# Data excerpts:
....................

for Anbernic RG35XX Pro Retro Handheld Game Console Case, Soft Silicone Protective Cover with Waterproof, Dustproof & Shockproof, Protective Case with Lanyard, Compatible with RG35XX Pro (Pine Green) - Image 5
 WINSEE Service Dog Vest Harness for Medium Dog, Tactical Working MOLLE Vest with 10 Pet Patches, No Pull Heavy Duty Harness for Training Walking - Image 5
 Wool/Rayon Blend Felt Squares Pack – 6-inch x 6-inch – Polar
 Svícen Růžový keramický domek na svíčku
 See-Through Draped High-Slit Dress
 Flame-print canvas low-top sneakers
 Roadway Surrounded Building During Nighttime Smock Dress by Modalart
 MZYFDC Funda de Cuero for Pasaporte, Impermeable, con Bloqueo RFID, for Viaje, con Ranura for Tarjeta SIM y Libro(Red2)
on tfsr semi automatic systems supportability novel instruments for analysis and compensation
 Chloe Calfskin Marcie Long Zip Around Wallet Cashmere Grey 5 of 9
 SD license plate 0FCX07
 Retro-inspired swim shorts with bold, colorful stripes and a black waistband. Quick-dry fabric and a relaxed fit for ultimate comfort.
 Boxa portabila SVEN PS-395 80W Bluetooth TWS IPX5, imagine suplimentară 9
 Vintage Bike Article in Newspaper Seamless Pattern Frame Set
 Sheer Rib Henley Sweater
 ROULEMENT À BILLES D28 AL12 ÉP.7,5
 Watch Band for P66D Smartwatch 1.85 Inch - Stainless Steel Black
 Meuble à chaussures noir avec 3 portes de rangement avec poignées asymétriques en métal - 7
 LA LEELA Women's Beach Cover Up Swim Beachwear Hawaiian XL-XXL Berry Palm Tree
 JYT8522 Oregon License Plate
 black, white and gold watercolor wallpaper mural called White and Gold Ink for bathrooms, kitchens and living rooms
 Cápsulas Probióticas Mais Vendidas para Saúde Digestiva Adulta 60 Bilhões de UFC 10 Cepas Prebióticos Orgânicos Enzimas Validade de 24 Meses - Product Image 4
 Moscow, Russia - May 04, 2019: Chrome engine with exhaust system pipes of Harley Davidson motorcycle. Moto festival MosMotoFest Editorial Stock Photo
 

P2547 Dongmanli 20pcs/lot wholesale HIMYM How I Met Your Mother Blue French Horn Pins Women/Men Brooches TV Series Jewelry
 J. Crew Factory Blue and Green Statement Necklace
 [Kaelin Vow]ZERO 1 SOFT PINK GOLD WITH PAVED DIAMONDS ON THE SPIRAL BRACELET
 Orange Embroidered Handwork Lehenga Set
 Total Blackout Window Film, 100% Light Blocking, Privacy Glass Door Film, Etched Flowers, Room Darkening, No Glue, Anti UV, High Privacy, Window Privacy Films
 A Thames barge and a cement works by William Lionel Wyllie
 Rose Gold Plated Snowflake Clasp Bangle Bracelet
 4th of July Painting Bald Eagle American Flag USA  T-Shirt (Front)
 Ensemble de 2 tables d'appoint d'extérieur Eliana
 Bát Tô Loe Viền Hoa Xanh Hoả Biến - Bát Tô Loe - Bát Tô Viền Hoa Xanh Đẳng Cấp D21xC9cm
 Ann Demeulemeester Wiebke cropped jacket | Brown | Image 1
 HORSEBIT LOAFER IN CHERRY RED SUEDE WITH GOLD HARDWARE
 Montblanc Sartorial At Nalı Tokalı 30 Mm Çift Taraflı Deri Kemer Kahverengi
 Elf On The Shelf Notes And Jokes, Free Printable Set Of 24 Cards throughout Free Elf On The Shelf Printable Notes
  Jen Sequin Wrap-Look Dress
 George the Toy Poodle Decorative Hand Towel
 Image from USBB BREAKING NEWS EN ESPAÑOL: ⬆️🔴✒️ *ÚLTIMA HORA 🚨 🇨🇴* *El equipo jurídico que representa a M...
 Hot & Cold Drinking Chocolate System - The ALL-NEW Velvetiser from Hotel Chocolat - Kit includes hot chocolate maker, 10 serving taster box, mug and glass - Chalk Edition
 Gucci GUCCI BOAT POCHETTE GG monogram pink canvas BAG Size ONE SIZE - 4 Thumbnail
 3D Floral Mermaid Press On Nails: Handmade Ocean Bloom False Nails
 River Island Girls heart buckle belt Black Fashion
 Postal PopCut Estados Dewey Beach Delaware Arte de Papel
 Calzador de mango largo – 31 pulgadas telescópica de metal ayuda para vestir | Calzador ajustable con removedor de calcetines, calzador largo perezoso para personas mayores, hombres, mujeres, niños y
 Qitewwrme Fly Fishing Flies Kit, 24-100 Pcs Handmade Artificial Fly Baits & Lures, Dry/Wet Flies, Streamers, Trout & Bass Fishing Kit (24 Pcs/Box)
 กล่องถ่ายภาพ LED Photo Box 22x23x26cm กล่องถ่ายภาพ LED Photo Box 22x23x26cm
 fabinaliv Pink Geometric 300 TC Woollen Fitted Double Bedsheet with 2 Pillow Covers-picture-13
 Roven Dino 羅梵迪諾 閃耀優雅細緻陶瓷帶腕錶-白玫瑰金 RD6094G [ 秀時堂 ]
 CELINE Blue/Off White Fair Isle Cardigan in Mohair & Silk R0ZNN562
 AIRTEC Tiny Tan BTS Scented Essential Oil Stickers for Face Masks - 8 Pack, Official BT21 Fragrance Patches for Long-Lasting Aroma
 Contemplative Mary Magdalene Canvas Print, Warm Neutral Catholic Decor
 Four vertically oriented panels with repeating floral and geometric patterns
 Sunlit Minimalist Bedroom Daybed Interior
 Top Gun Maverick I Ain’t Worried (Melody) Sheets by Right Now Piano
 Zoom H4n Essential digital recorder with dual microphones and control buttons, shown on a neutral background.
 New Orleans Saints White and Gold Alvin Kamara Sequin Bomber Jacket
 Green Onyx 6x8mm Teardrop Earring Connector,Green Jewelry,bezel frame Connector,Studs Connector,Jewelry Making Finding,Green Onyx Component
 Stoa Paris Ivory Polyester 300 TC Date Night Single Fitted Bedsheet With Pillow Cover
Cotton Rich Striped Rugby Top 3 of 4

....................

# Task to complete:
Look through the entries for the string "Retro". Every line that has it belongs in the answer.

# Task answer:
for Anbernic RG35XX Pro Retro Handheld Game Console Case, Soft Silicone Protective Cover with Waterproof, Dustproof & Shockproof, Protective Case with Lanyard, Compatible with RG35XX Pro (Pine Green) - Image 5
 Retro-inspired swim shorts with bold, colorful stripes and a black waistband. Quick-dry fabric and a relaxed fit for ultimate comfort.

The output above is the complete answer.